The amp’s RF VOX has a hold time (the amount of time it stays in TX mode after RF disappears) that’s typically tunable in the menu. Set it long enough that a dit-pause-dit sequence doesn’t drop the amp back to RX between elements — typically 100-300 ms. Too short and the relays chatter; too long and the amp doesn’t release for the next station’s transmission. Hardware PTT bypasses this entirely (the rig controls TX/RX timing directly), which is the cleaner approach for CW.

2.1.3 AM

AM at “100 W” usually means 100 W carrier + 100 W peak sideband — i.e., 400 W PEP. The XPA125B is rated for 100 W PEP, not 100 W carrier; back off the drive so the carrier is ~25 W, which means PEP peaks (with 100% modulation) hit the rated 100 W. The amp will run AM at this level continuously.

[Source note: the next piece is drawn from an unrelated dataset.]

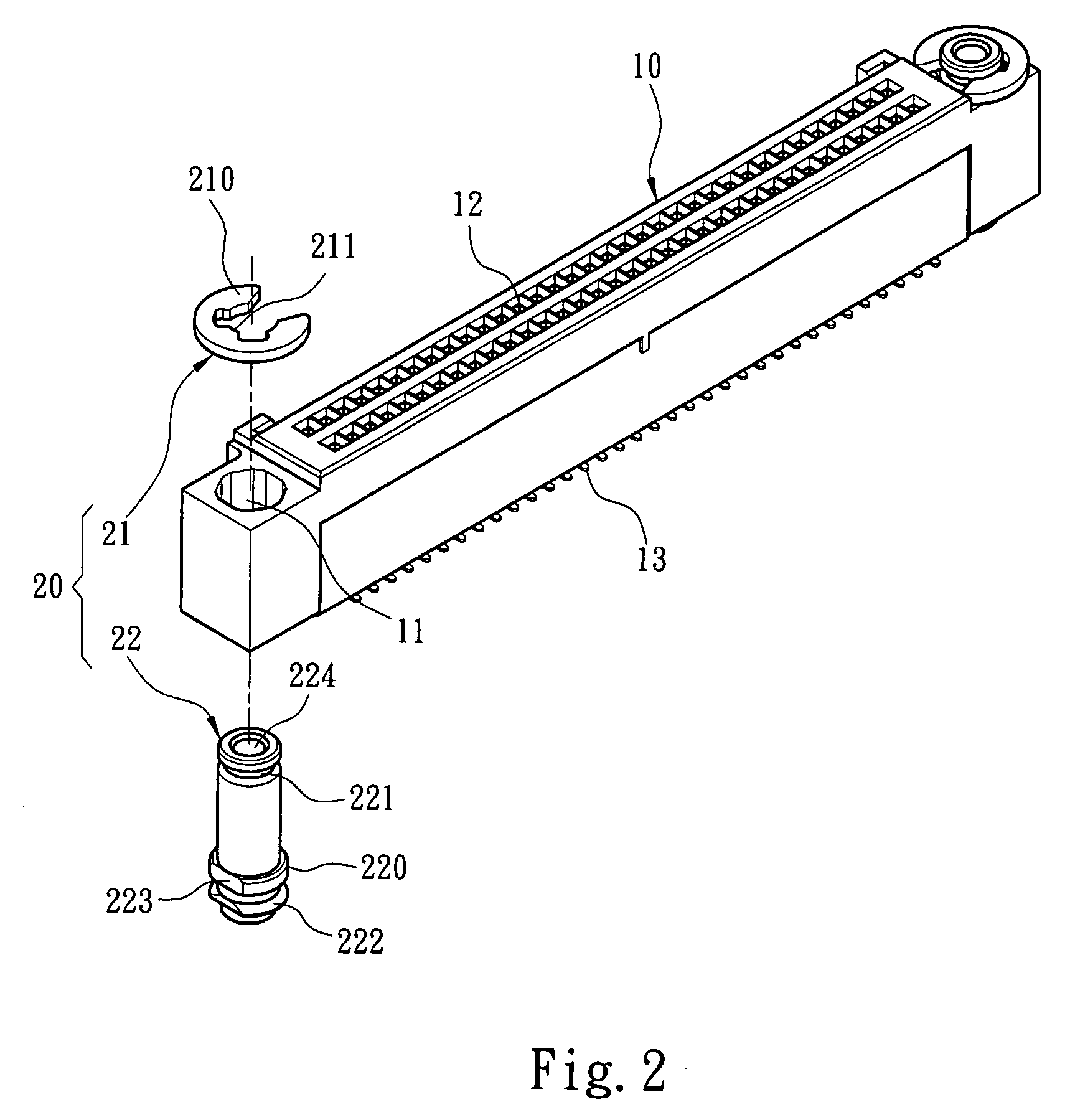 Anchor structure for electronic card connectors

Few hams operate AM voice these days, but the AM broadcast band, AM aero, and a handful of vintage-equipment 75 m AM nets remain. The mode works; just respect the carrier-vs-PEP math.

2.1.4 FM

FM is 100% duty cycle while the carrier is on. Treat FM like CW for thermal-management purposes: short transmissions (under 30 seconds) are fine at full output; long ones will thermal-trip. For 2 m / 70 cm FM you wouldn’t be using the XPA125B anyway (it’s 1.8-54 MHz only). For 10 m FM (29.6 MHz repeater inputs, mostly) and 6 m FM (50.0-50.1 MHz simplex, 52-54 MHz repeater inputs in some regions), the amp works, but be mindful of long PTT holds. Repeater operators in particular hold the key for the duration of a transmission, which can run a minute or more — drop to 50 W if you’re going to be talking that long.

2.1.5 Digital modes (FT8, FT4, RTTY, PSK31, JS8Call)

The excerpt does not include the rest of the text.